AVAILABLE DATA:
★ ★ ★

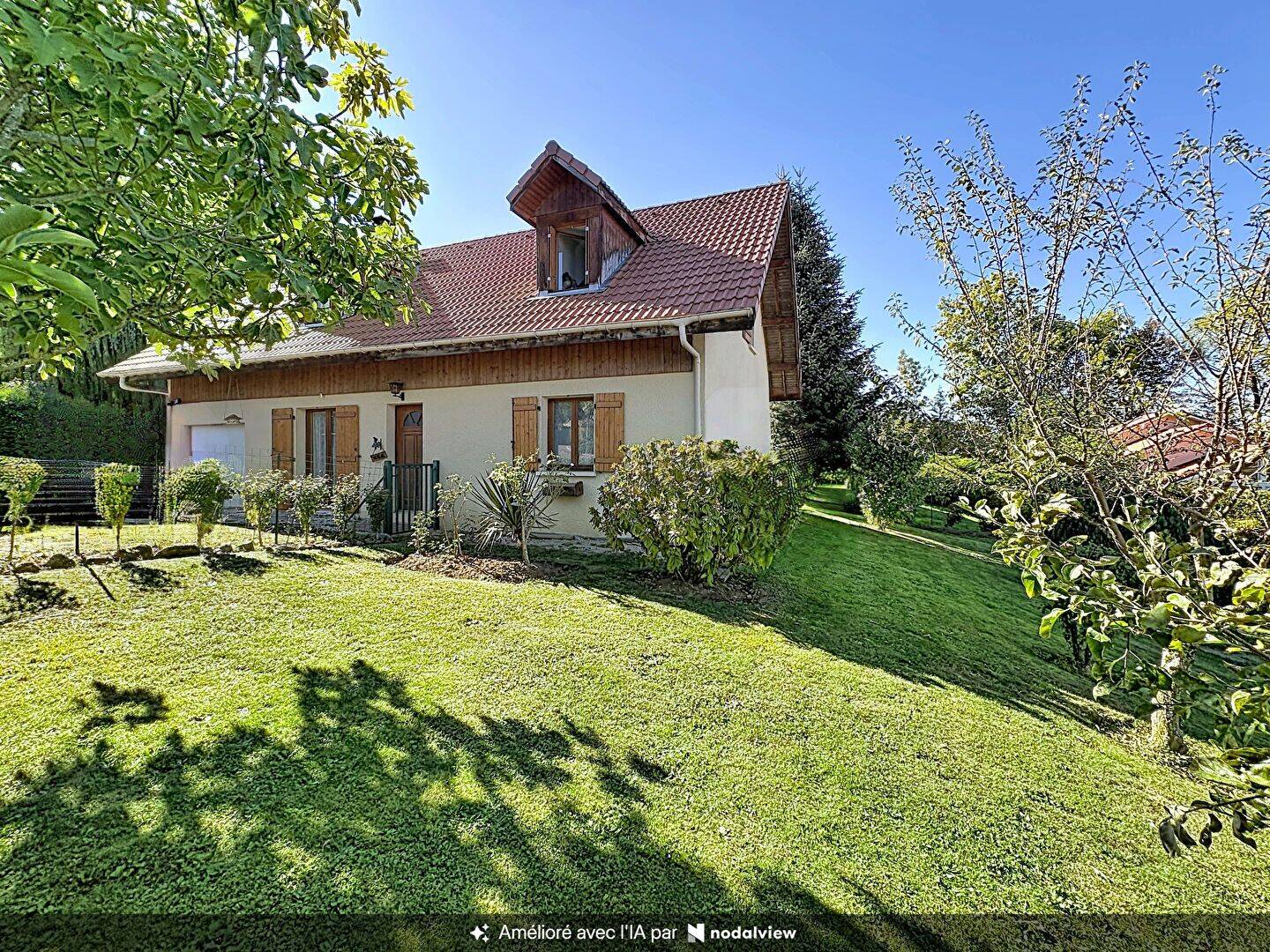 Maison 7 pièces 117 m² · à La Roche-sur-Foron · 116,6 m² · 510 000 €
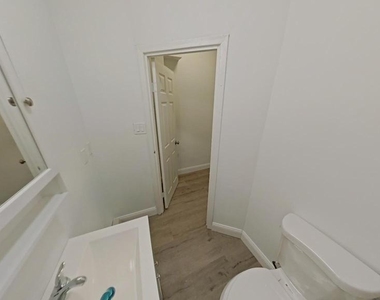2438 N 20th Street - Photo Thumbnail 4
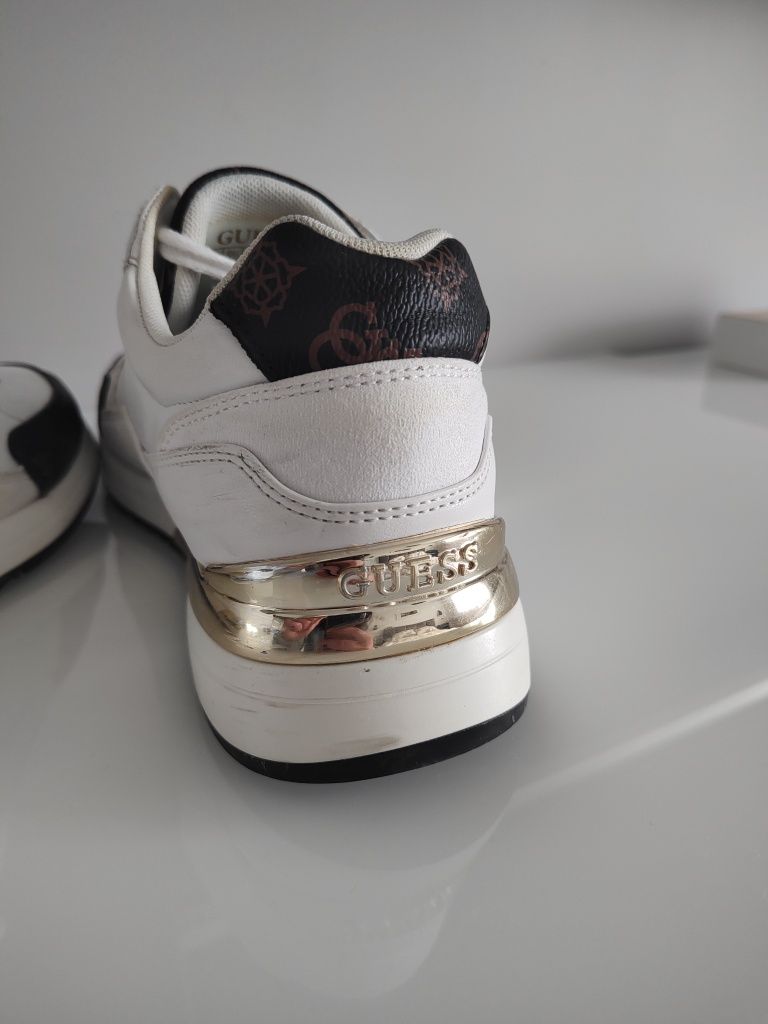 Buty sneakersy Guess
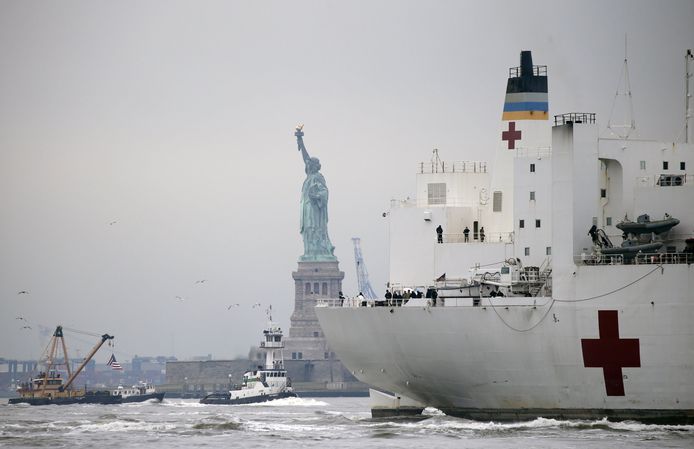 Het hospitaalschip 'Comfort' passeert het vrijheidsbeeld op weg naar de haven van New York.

★ ★ ★

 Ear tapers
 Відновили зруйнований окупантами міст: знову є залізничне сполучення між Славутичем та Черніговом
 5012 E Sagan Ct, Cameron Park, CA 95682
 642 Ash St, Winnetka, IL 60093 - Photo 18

★ ★ ★

Please copy out from the data above, without any picture, exactly the lines running from the one that holds "2438 N 20th Street - Photo Thumbnail 4" through the one that holds "Het hospitaalschip 'Comfort'", and nothing beyond them.

2438 N 20th Street - Photo Thumbnail 4
 Buty sneakersy Guess
 Het hospitaalschip 'Comfort' passeert het vrijheidsbeeld op weg naar de haven van New York.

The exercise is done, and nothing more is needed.